▶ Provided records
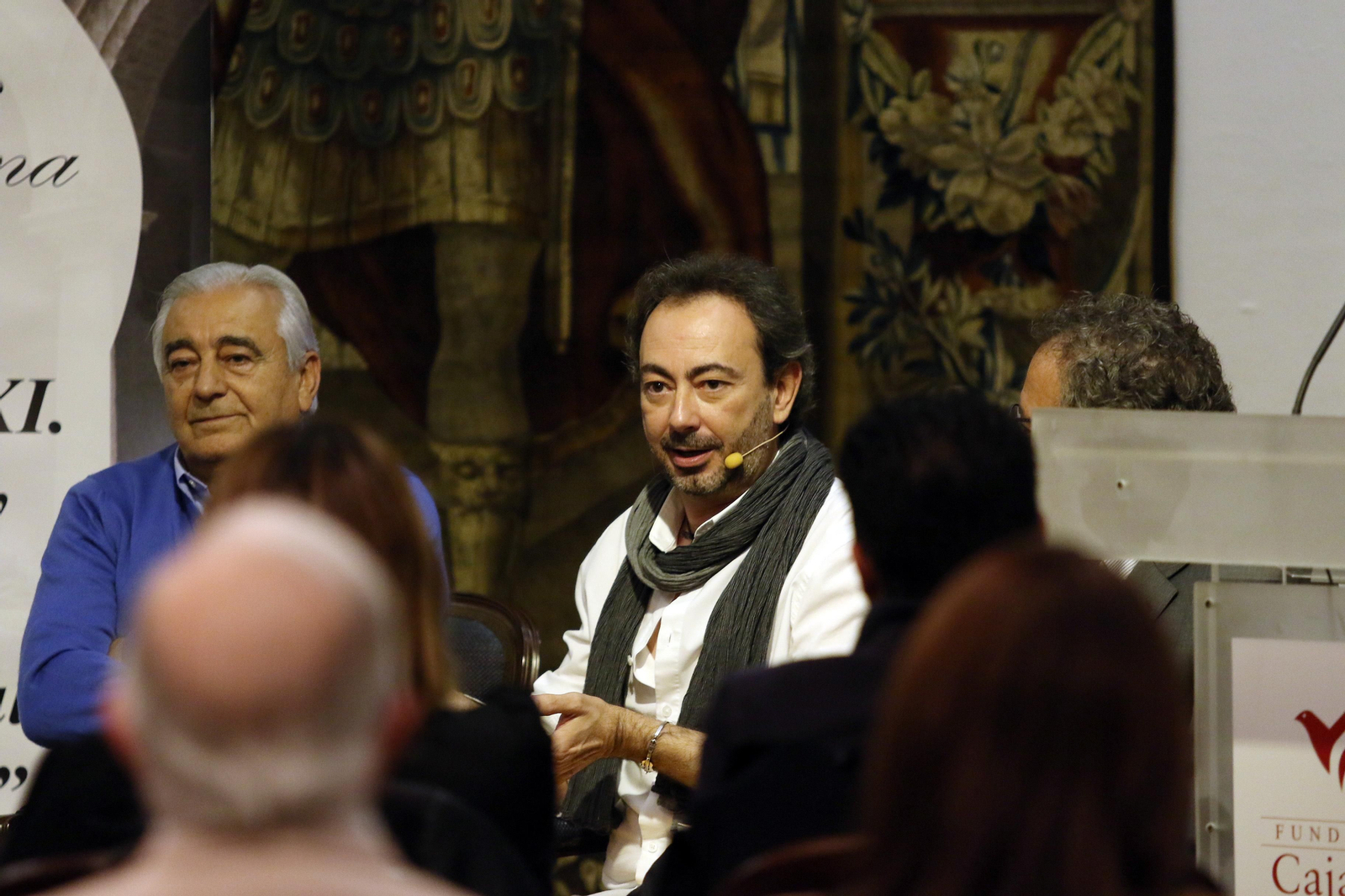 Diálogos en Viana de Flamencología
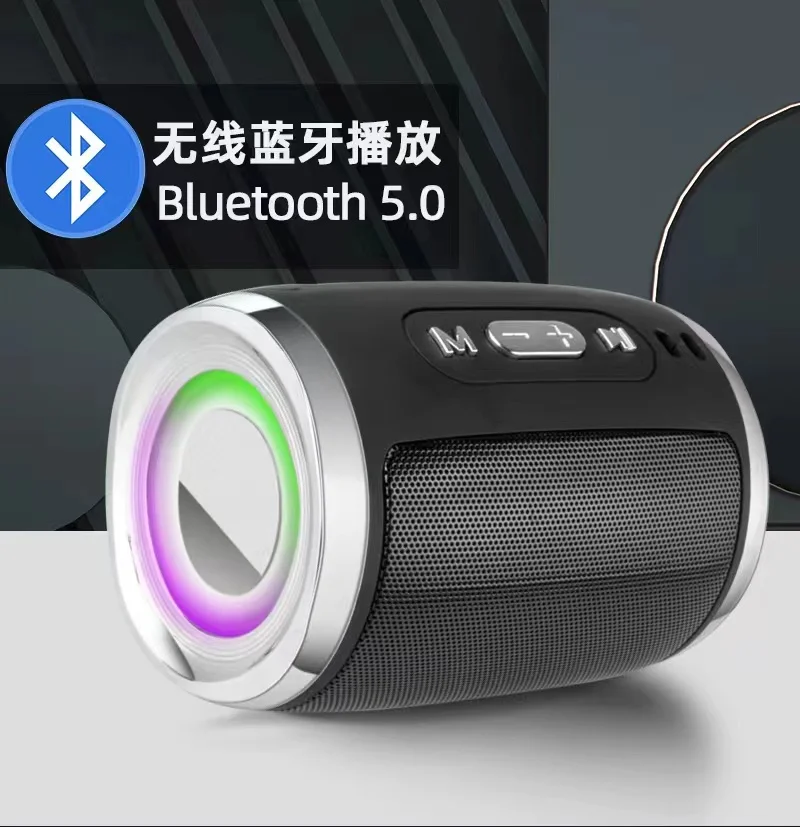 

Карта Bluetooth-динамика, USB-диск, уличный портативный сабвуфер, мини-цветная лампа, коллекционный динамик, студент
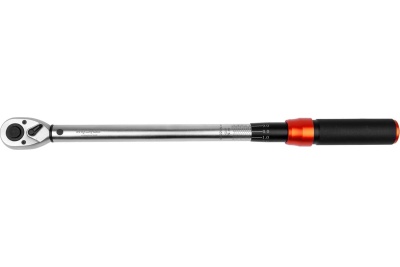 Динамометрический ключ AV Steel 1/2" 40-220Нм AV-527220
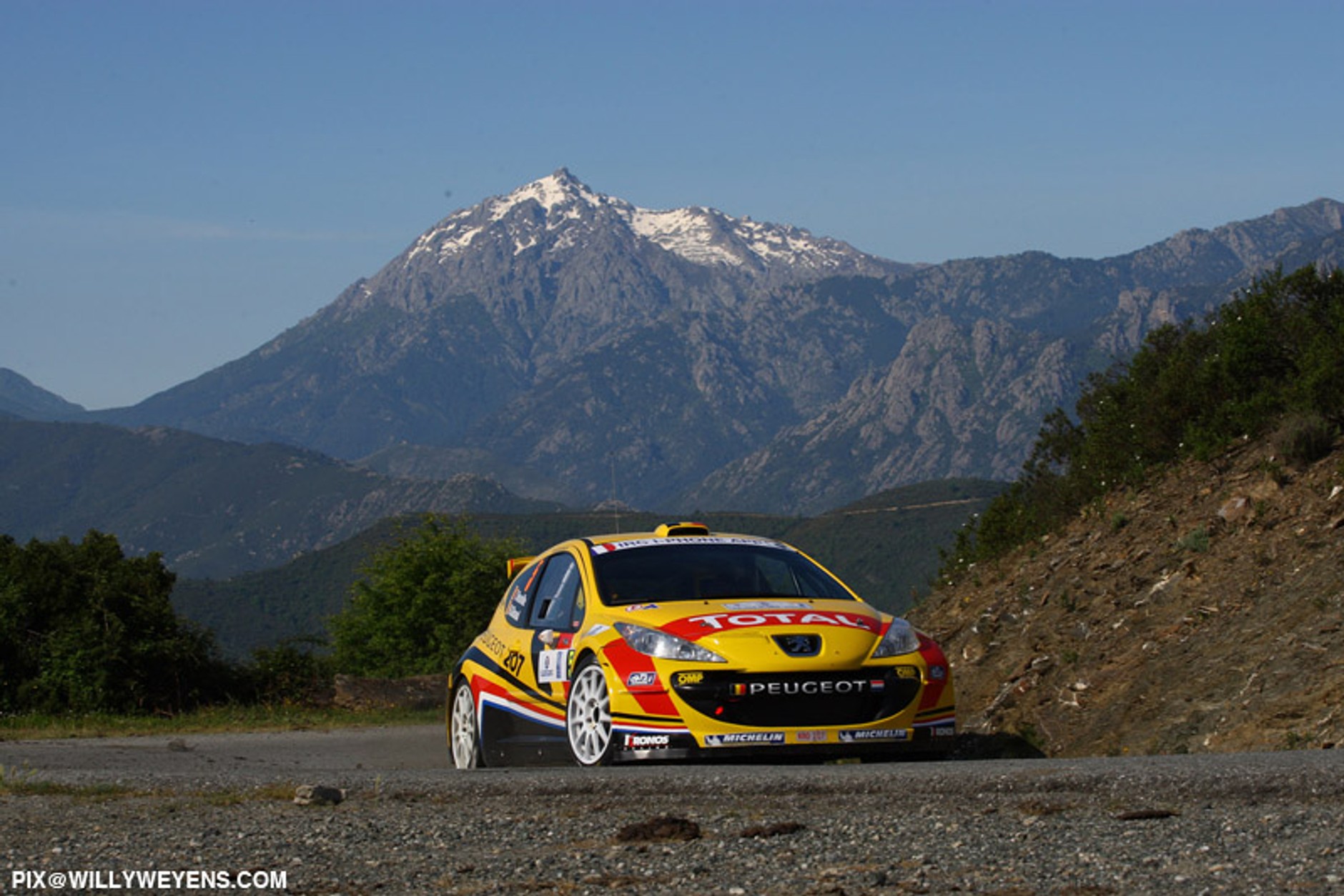 Neuville najszybszy na Tour de Corse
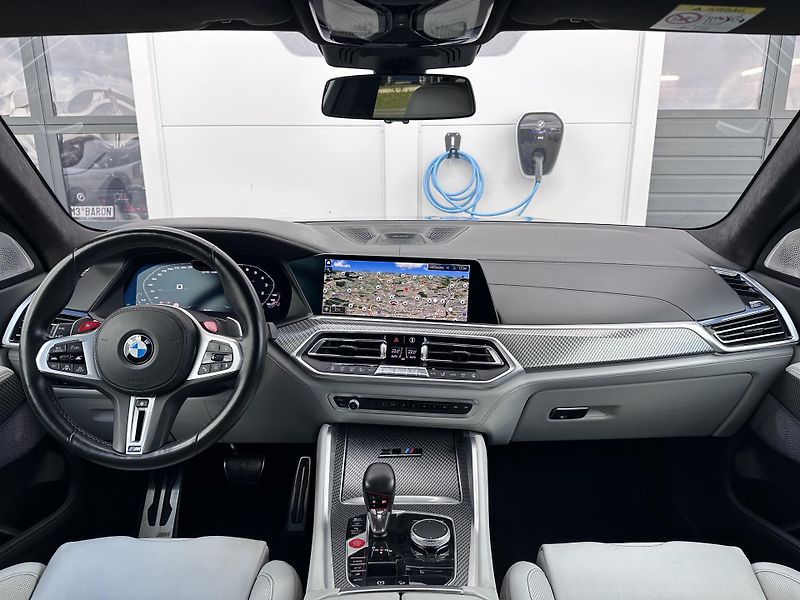 BMW X5 M Competition - fotka 6 z 34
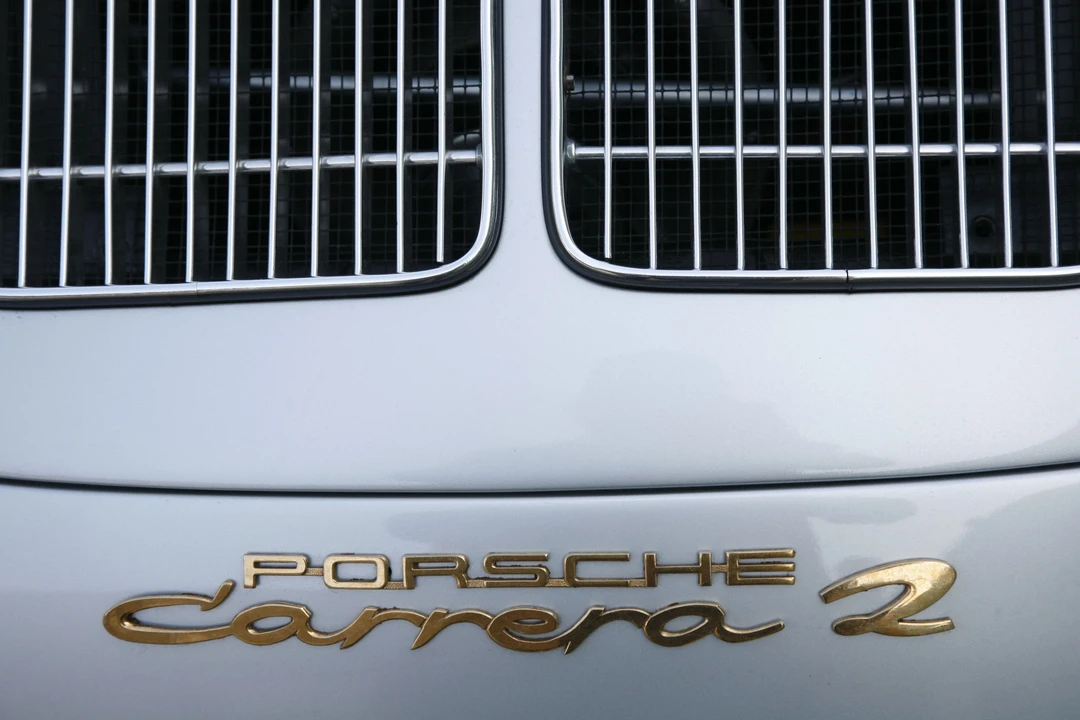 1963 Porsche 356 B - Image 2 of 5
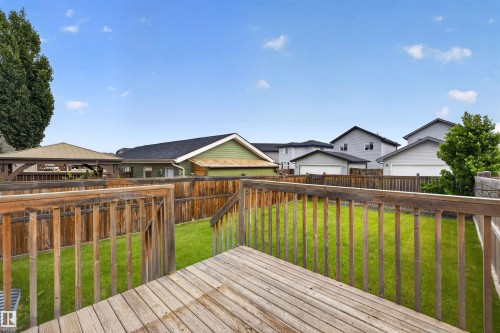 1107 162 Street Sw, Edmonton, AB - Outdoor With Deck Patio Veranda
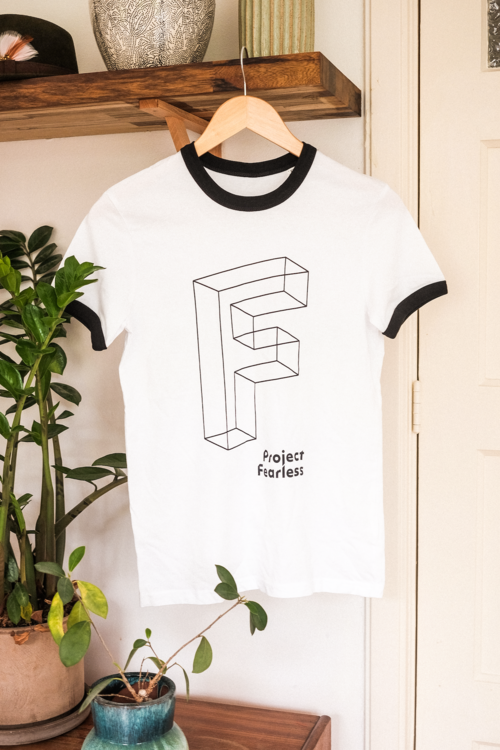 FEARLESS TEAM TEE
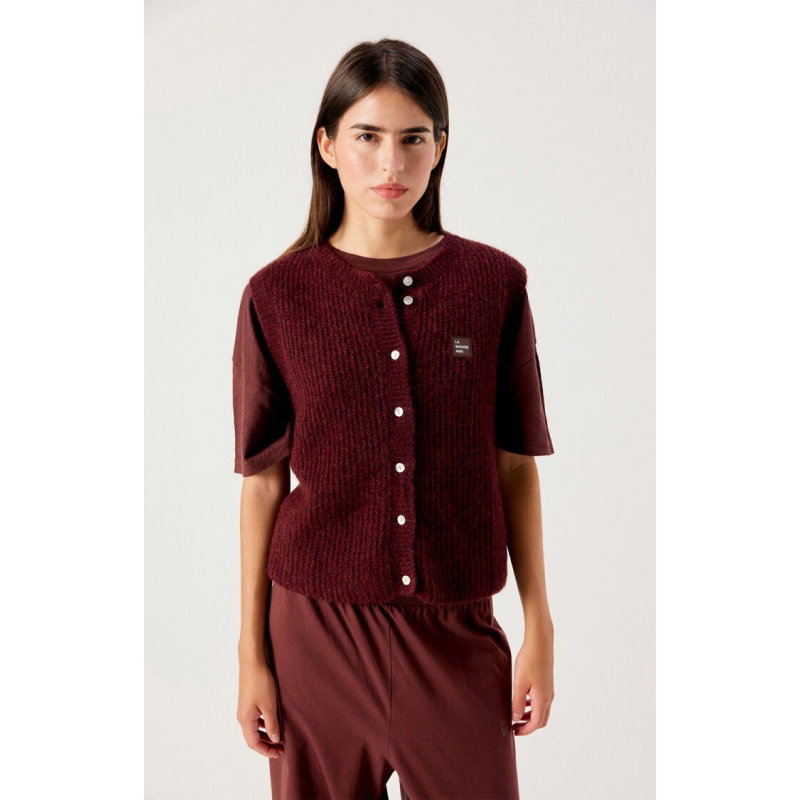Sweat femme Fuxom | Acerola Chine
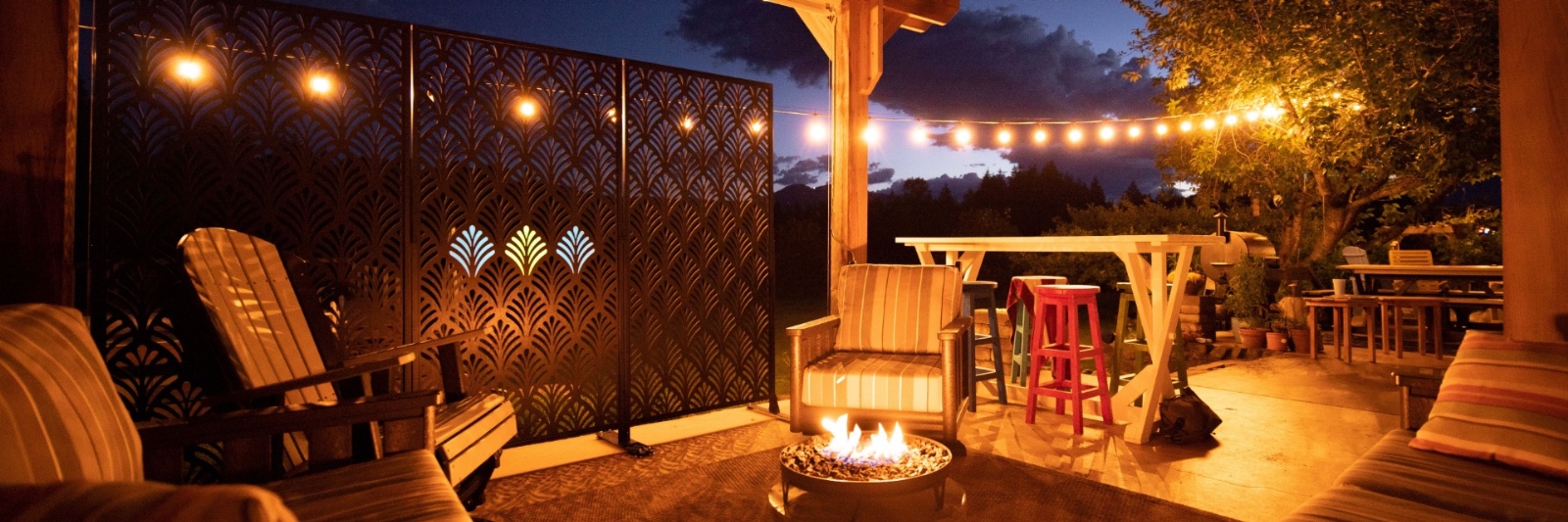 Privacy Screens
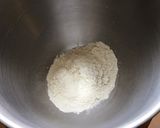 Une image de l'étape 1 de Pâte brisée prune vanille.
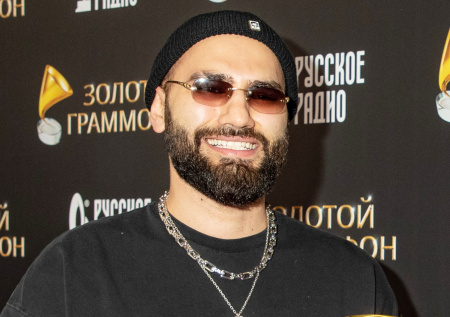 HammAli впервые стал отцом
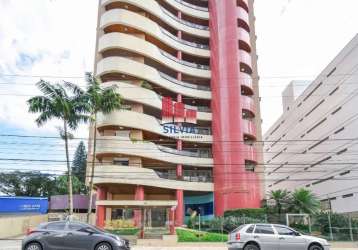 Cobertura duplex de 526m² no centro de joinville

▶ Problem details
Extract only the lines from the one that contains "Neuville najszybszy na Tour de Corse" through the end of the records, inclusive, and omit every picture.

▶ Response box
 Neuville najszybszy na Tour de Corse
 BMW X5 M Competition - fotka 6 z 34
 1963 Porsche 356 B - Image 2 of 5
 1107 162 Street Sw, Edmonton, AB - Outdoor With Deck Patio Veranda
 FEARLESS TEAM TEE
Sweat femme Fuxom | Acerola Chine
 Privacy Screens
 Une image de l'étape 1 de Pâte brisée prune vanille.
 HammAli впервые стал отцом
 Cobertura duplex de 526m² no centro de joinville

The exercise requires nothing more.